# Girlfriend wants a Sig Sauer 239 black



## Michael (May 29, 2010)

Okay so I know jack squat about handguns but my girlfriend likes them and her birthday is coming up in a few months so I was thinking of getting her one. I'm really not that familiar with brands I have an old ruger rifle that is wonderful but I don't know that the same can be said for their current line of handguns. basically i wanna know what gun might be cheaper and comparable to the 239 or better for the price. I imagine she isn't going to be able to shoot anything with much more recoil than this though because she is pretty petite. Any suggestions?


----------



## tony pasley (May 6, 2006)

Get her what she ask for.


----------



## Baldy (Jun 21, 2006)

The guns not for you. Get the lady the gun she want's. :smt033


----------



## Michael (May 29, 2010)

well im just asking is this gun worth $500 i mean isnt there something comparable for much less or is anything of good quality gonna run this high?


----------



## austin88 (Aug 1, 2009)

i say get her the p239. any decent gun is going to run you that much anyways and sig is a damn good gun


----------



## propellerhead (May 19, 2006)

Get her what she wants. Let her decide if she wants it or not.


----------



## Frank45 (Feb 21, 2010)

Hey you heard the guys..get her the gun and get her to a gun safety class too. And make sure it's on your dime.:mrgreen:


----------



## Highlander1911 (Jan 30, 2010)

Recently I purchased a P2000. I could have purchased litterally dozens of other 9mms for hundreds less. All great handguns, all good reviews with the requisite 'net following. I ponyed up the dough and bought the P2000 becuase that was EXACTLY what Mrs Highlander wanted . It was easy for her to rack the slide, she handled it like fine jewelry and had that "look" when she did (all of you know that look!). Prior to that it was going to be a Glock 19. Just before purchase time I pulled up pics and reviews of the Glock and got that "well, what about those HKs? I really liked the way..." and at that point, done deal. Get her what she wants. The couple hundys you save will be long forgotten.


----------



## bruce333 (Sep 1, 2006)

Michael said:


> well im just asking is this gun worth $500 i mean isn't there something comparable for much less or is anything of good quality gonna run this high?





austin88 said:


> i say get her the p239. any decent gun is going to run you that much anyways and sig is a damn good gun


:smt023

If my GF asked for a specific model, I'd buy it for her.


----------



## dosborn (Apr 17, 2009)

Get her the 239. Great weapon!

BTW, does she have a sister?:mrgreen:


----------



## Michael (May 29, 2010)

Frank45 said:


> Hey you heard the guys..get her the gun and get her to a gun safety class too. And make sure it's on your dime.:mrgreen:


Get her the 239. Great weapon!



> dosborn
> Get her the 239. Great weapon!
> 
> BTW, does she have a sister?


She actually already did her safety course so I'm good there and yes she has a sister


----------



## recoilguy (Apr 30, 2009)

If my girlfriend asked for a Sig I'd get her a sig....If my wife asked for a Sig I'd suspect she heard about my girlfriend........
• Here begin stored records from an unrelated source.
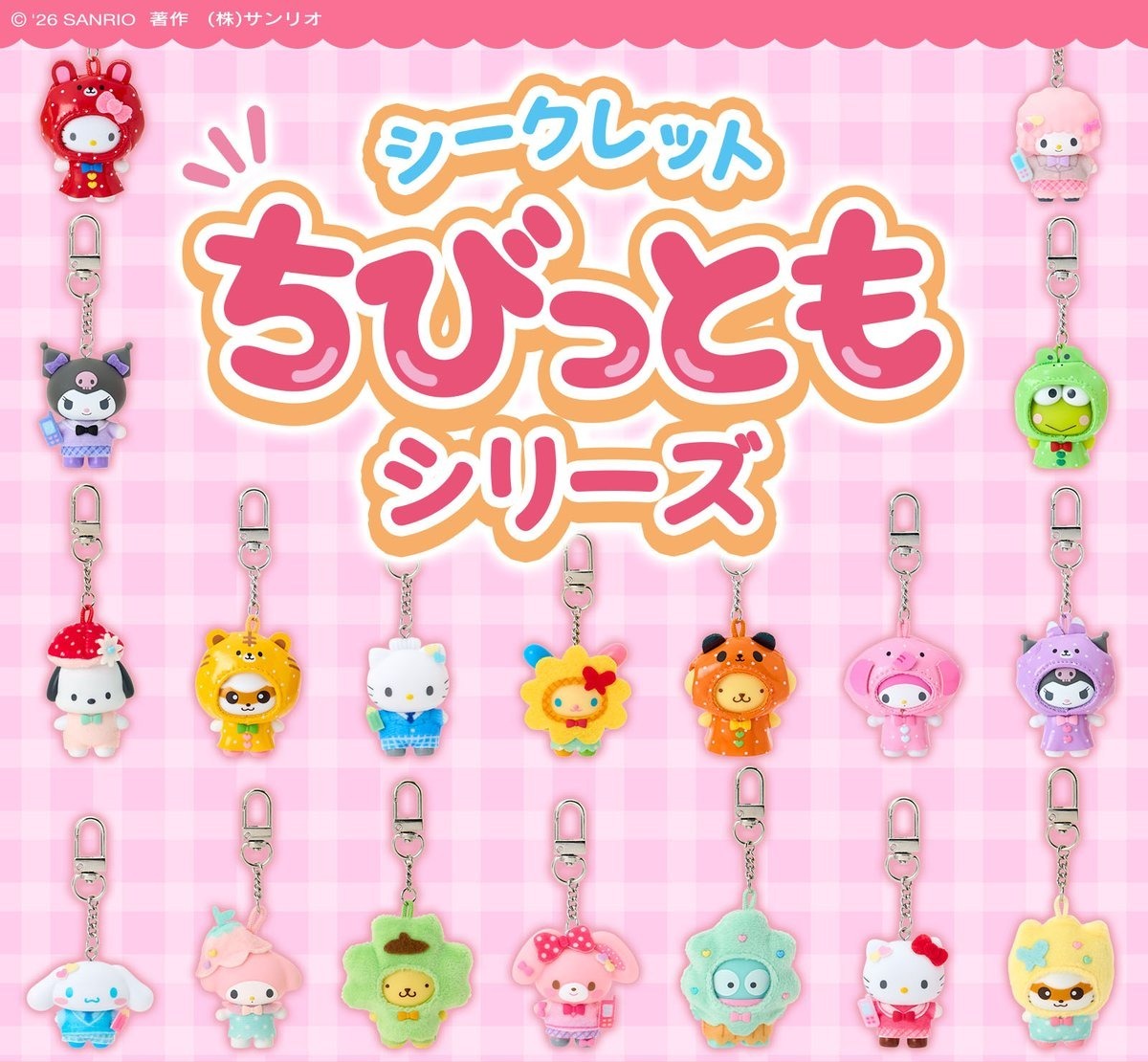 Sanrio 雨衣/ 校服/ 森林夥伴 系列盲抽 掛飾 (可選款)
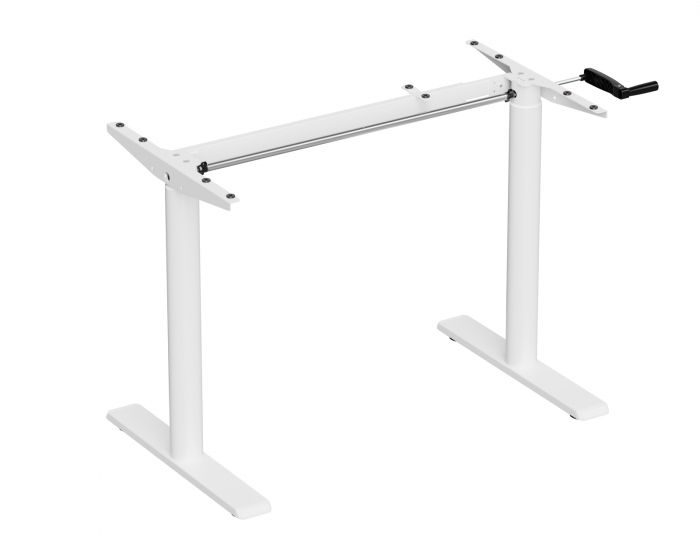 MaxMount Desk Frame - Hæve-sænke-stel - Hvid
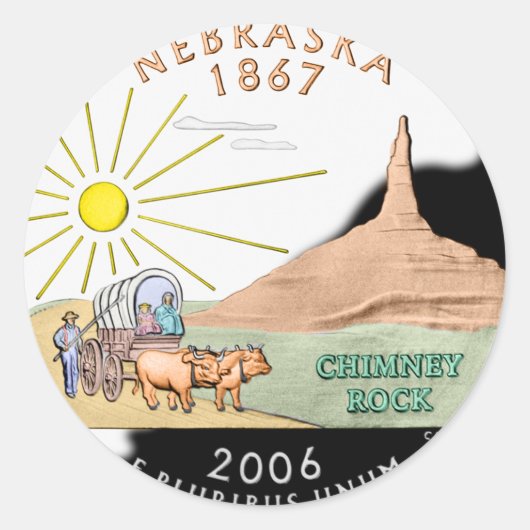 Nebraska Sticker (Voorkant)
Seriously she has good taste in guns. 

RCG


----------



## dosborn (Apr 17, 2009)

recoilguy said:


> If my girlfriend asked for a Sig I'd get her a sig....If my wife asked for a Sig I'd suspect she heard about my girlfriend........
> 
> Seriously she has good taste in guns.
> 
> RCG


THAT is THE post of the week!!:smt082


----------



## BearValley (May 25, 2009)

Michael said:


> She actually already did her safety course so I'm good there and yes she has a sister


Congratulations my friend, sounds like you have a good one.

Proper forum etiquette dictates just a little more info on the sister.

:smt083


----------



## Frank45 (Feb 21, 2010)

The first thing I got my wife, was a firearms safety course, so, if I did get shot by her, I would know it was no accident, and it's only fair to the guys that you include a photo of her sister and the Sig you get your girl friend.:smt033


----------



## Michael (May 29, 2010)

Frank45 said:


> The first thing I got my wife, was a firearms safety course, so, if I did get shot by her, I would know it was no accident, and it's only fair to the guys that you include a photo of her sister and the Sig you get your girl friend.:smt033


alright alright since you helped. her sister is the one blowing the bubbles. She is the other one (obviously)


----------



## Frank45 (Feb 21, 2010)

*You sir, are an extremely lucky man. Oh to be 35 years younger.:heart::smt049:heart::heart:*


----------